Corporation yard to move to ACT V
The City Council on Tuesday reversed a reversal of a proposal to
move the corporation yard to the ACT V parking lot.
In other words, the council voted to relocate the yard to make way
for a Village Entrance project, a plan for which the ACT V had been
purchased in 1996 and subsequently abandoned in 2000. The vote was
3-2. Mayor Toni Iseman and Councilman Wayne Baglin were opposed.
“The corporation yard is a collection of 50-year-old tin shacks,”
said Councilwoman Cheryl Kinsman, who has never wavered from her
support of moving the yard since it was first suggested by the
Village Entrance Task Force on which she served during her term on
the Planning Commission. “We have to do something with that area.”

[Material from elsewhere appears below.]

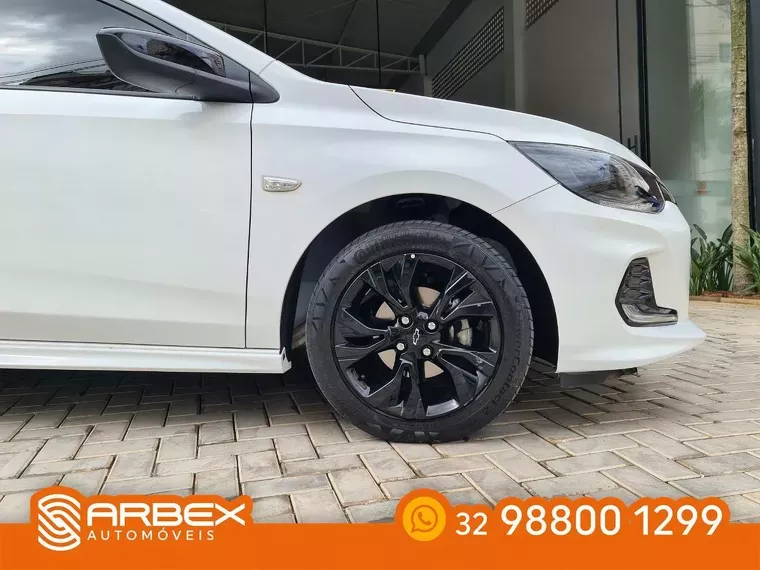 Chevrolet Onix Branco 14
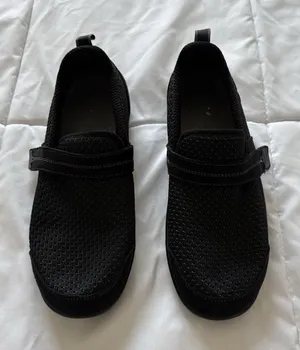 Orthofeet‎ Quincy Slip On Shoes Sneakers Womens 8 Black Comfy Workwear thumbnail 1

Iseman, who sided with environmental groups that oppose
development on the west or north side of Laguna Canyon, made a
desperate plea to swing Councilman Steven Dicterow into her camp,
based on his support for peripheral parking. However, Dicterow said
the ACT V lot was not peripheral enough for him.
“I don’ t consider what we are talking about at ACT V as
development,” Dicterow said.
Representatives of Laguna Greenbelt Inc., Village Laguna and
Temple Hills Community Assn. and some residents disputed Dicterow’s
view.
Resident Ron Chilcote spoke against the relocation on his own
behalf and then read a letter from Laguna Greenbelt Inc. President
Elisabeth Brown: “Not only will the proposed development intrude upon
the Laguna greenbelt and forever destroy a beautiful canyon, it would
draw deeply from taxpayer-generated funds that would be more
beneficial for other projects, including the acquisition of greenbelt
open space within the city.”
The Village Entrance Task Force recommended moving the yard, but
did not specify a location.
“We studied this for a year and determined there was no other
location except ACT V,” Pearson said.
Some functions will remain at the present site. It was deemed too
expensive to move a sewer pump that ships North Laguna sewage to the
treatment plant at Aliso Creek. Police and emergency vehicles also
will stay, but the wash rack to clean them would go. Records that are
stored in bins by city departments could be moved, but that might
prove inconvenient.
The estimated costs of corporation yard relocation and
construction have not been updated. There also is no cost estimate
for the construction of the Village Entrance and no funds for it,
Kinsman said.
Removing the corporation yard would not materially change the look
of the award-winning design, Pullman said, requiring only the
substitution of parking for the corporation yard originally included
on the ground floor of the proposed parking structure.
The revised plan would provide more parking on the site, but would
eliminate about half of the parking at ACT V, which tourists are
encouraged to use to reduce downtown congestion. The net loss would
be 75 to 110 spaces depending on who is counting.
“We will spend $3 million to lose 110 spaces,” Councilman Baglin
said. “That doesn’t seem logical from an economic view and it doesn’t
help parking. We should concentrate that money on the Village
Entrance.”
The council majority on Tuesday authorized City Manager Ken Frank
to contact Orange County to see if approvals of the ACT V project are
still valid. Council members agreed to postpone discussion on
annexation of the property, also on Tuesday’s agenda, until Frank
reported back on the status of the county approvals.